19.4 Active learning

In active learning, the goal is to identify the true predictive mapping $y=f(\bold{x})$ by querying as few $(\bold{x},y)$ points as possible. There are three variants.

In query synthesis, the algorithm gets to choose any input $\bold{x}$ and can ask for its corresponding output $y=f(\bold{x})$ .

In pool-based active learning, there is large, but fixed, set of unlabeled points and the algorithm gets to ask a label for one or more of these points

Finally, in stream-based active learning the incoming data is arriving continuously, and the algorithm must choose whether it wants to request a label for the current input or not.

They are various closely related problems. In Bayesian optimization the goal is to estimate the location of the global optimum $\bold{x}^*=\argmin_{\bold{x}}f(\bold{x})$ in as few queries as possible. Typically, we fit a surrogate (response surface) model to the intermediate $(\bold{x},y)$ queries, to decide which question to ask next.

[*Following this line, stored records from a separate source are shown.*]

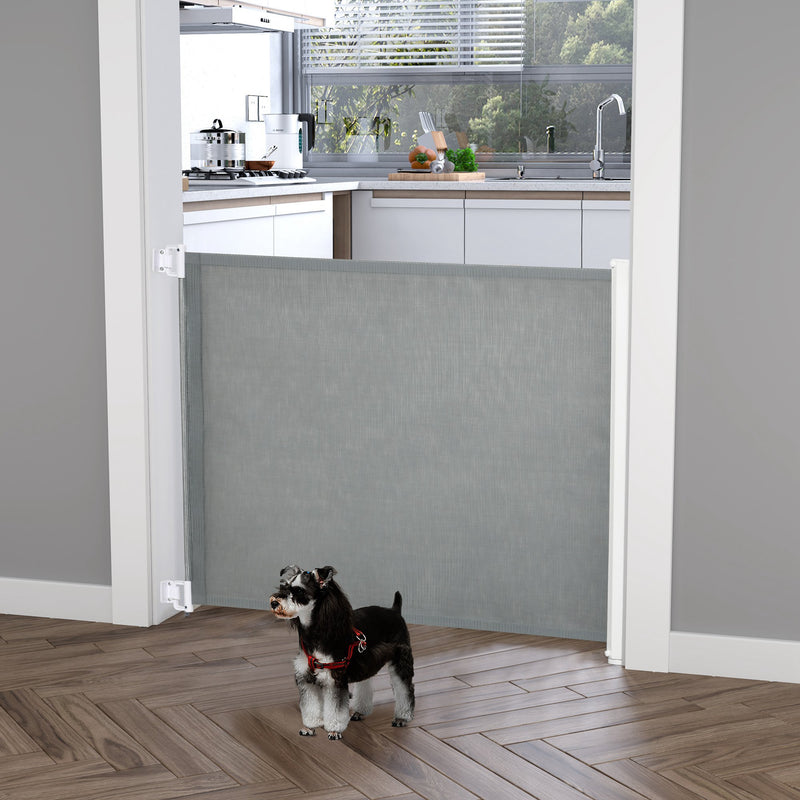 Retractable Safety Gate Dog Pet Guard Barrier Folding Protector Home Doorway Room Divider Stair Guard Grey 115L x 82.5H cm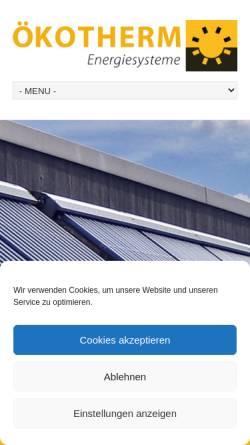 Vorschau der mobilen Webseite www.oekotherm-solartechnik.de, Ökotherm Energiesysteme GmbH
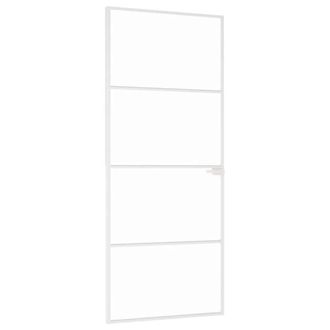 Berkfield Home Interior Door White 83x201.5 cm Tempered Glass&Aluminium Slim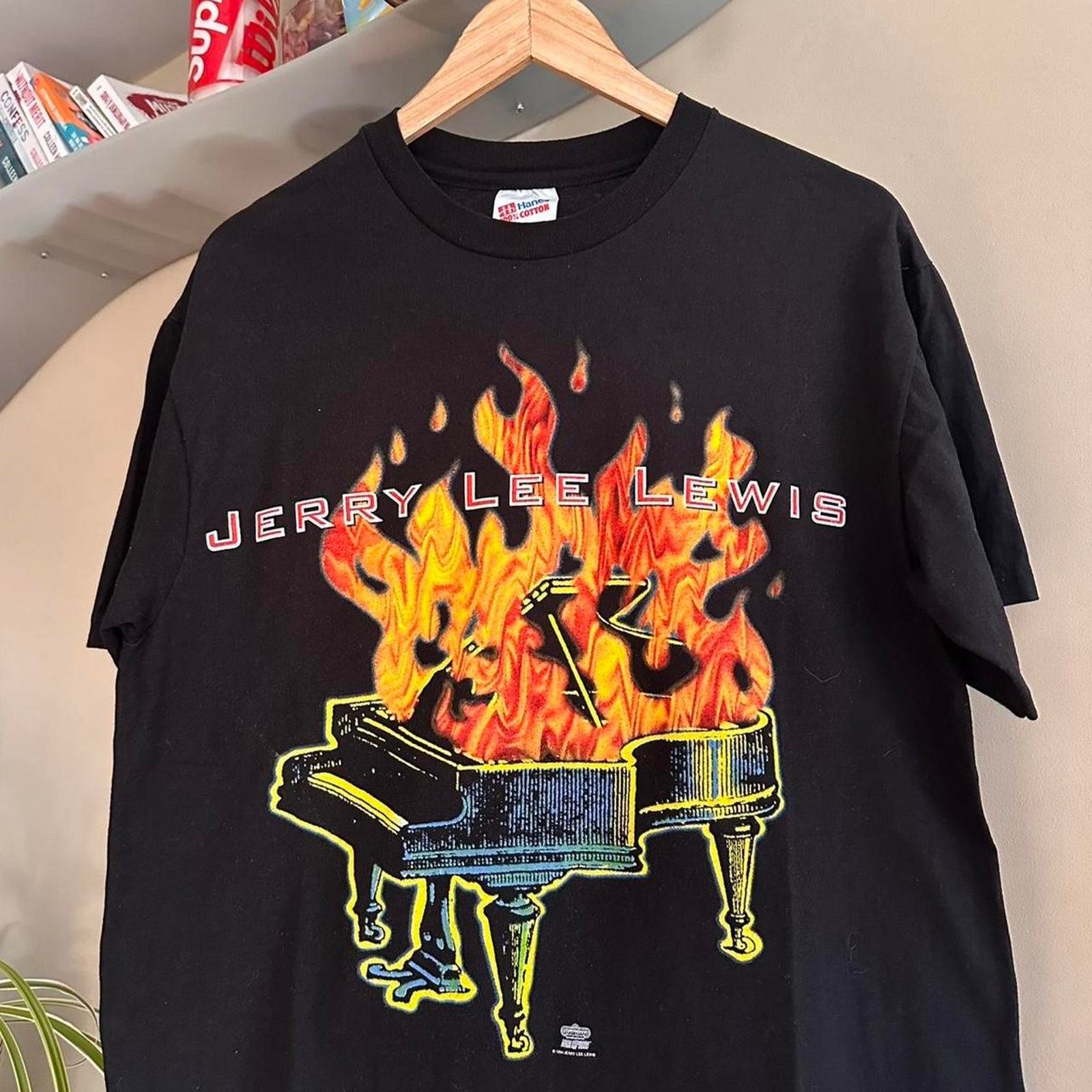 Band Tees × Hanes × Vintage Vintage 1994 Jerry Lee Lewis Shirt Size US L / EU 52-54 / 3 - 2 Thumbnail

In experiment design, the goal is to estimate $p(\theta|\mathcal{D})$ , using as little data as possible (this can thought of as an unsupervised form of active learning).

In this section, we discuss the pool based approach.

19.4.1 Decision-theoretic approach

We define the utility of querying $\bold{x}$ in terms of the value of information. We define the utility of issuing query $\bold{x}$ as:

U(\bold{x})\triangleq \mathbb{E}_{p(y|\bold{x},\mathcal{D})}[\min_a (R(a|\mathcal{D})-R(a|\mathcal{D},(\bold{x},y)))]

where $R(a|\mathcal{D})=\mathbb{E}_{p(\theta|\mathcal{D})}[\ell(\theta,a)]$ is the posterior expected loss of taking some future action $a$ given the data $\mathcal{D}$ observed so far.

Unfortunately, evaluating $U(\bold{x})$ for each $\bold{x}$ is quite expensive, since for each possible response $y$ we might observe, we have to update our beliefs given $(\bold{x},y)$ to see what effect it might have on our future decisions (similar to look ahead search technique applied to belief states).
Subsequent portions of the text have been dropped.